▸ What you should do:
Restate word for word, and only, the lines that extend from the line containing "Doğal göl kazlar" through the end of the records below.

==============================

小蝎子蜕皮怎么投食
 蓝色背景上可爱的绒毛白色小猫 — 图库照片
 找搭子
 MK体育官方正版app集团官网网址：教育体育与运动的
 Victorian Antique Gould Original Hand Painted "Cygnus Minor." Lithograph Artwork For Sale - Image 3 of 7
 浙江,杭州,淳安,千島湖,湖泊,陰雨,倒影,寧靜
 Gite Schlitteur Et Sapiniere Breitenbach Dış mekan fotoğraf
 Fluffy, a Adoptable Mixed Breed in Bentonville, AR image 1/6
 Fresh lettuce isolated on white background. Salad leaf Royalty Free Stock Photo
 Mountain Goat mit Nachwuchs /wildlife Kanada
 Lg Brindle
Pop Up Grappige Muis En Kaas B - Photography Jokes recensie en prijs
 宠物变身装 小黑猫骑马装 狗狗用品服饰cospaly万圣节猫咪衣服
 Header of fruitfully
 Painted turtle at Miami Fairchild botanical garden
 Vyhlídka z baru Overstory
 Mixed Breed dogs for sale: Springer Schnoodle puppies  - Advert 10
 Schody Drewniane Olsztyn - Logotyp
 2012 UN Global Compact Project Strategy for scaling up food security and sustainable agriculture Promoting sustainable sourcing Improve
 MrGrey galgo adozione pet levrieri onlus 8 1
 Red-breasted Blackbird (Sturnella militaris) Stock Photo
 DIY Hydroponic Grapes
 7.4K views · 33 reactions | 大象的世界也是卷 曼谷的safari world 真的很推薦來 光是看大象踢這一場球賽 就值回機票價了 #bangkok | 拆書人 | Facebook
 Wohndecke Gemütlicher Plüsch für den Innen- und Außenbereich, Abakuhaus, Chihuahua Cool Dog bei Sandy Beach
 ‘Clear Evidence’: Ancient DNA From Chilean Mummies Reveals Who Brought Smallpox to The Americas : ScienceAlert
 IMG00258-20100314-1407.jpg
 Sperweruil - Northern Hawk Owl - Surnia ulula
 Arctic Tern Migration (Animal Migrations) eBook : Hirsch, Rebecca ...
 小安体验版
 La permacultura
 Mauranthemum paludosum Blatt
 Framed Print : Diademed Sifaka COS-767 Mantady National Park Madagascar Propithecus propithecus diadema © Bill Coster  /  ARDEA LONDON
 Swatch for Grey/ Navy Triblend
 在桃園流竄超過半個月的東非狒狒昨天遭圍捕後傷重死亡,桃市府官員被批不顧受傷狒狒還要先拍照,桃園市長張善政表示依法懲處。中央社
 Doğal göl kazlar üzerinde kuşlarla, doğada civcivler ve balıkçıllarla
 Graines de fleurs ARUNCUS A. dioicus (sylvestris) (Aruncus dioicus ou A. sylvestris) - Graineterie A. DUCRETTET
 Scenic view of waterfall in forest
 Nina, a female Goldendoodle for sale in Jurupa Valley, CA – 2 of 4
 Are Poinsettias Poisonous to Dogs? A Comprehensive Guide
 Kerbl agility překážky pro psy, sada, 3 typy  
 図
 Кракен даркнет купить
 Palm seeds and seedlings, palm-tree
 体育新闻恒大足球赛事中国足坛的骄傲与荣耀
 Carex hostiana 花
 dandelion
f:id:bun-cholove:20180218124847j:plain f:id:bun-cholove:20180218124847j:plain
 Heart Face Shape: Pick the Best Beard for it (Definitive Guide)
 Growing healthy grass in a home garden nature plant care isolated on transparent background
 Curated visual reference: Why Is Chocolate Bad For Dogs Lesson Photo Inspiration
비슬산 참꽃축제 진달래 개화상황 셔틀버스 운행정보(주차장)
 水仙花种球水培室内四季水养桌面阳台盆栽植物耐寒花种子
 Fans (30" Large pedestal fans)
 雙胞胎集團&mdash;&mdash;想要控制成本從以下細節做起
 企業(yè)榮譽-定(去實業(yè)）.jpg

==============================

▸ Task response:
 Doğal göl kazlar üzerinde kuşlarla, doğada civcivler ve balıkçıllarla
 Graines de fleurs ARUNCUS A. dioicus (sylvestris) (Aruncus dioicus ou A. sylvestris) - Graineterie A. DUCRETTET
 Scenic view of waterfall in forest
 Nina, a female Goldendoodle for sale in Jurupa Valley, CA – 2 of 4
 Are Poinsettias Poisonous to Dogs? A Comprehensive Guide
 Kerbl agility překážky pro psy, sada, 3 typy  
 図
 Кракен даркнет купить
 Palm seeds and seedlings, palm-tree
 体育新闻恒大足球赛事中国足坛的骄傲与荣耀
 Carex hostiana 花
 dandelion
f:id:bun-cholove:20180218124847j:plain f:id:bun-cholove:20180218124847j:plain
 Heart Face Shape: Pick the Best Beard for it (Definitive Guide)
 Growing healthy grass in a home garden nature plant care isolated on transparent background
 Curated visual reference: Why Is Chocolate Bad For Dogs Lesson Photo Inspiration
비슬산 참꽃축제 진달래 개화상황 셔틀버스 운행정보(주차장)
 水仙花种球水培室内四季水养桌面阳台盆栽植物耐寒花种子
 Fans (30" Large pedestal fans)
 雙胞胎集團&mdash;&mdash;想要控制成本從以下細節做起
 企業(yè)榮譽-定(去實業(yè)）.jpg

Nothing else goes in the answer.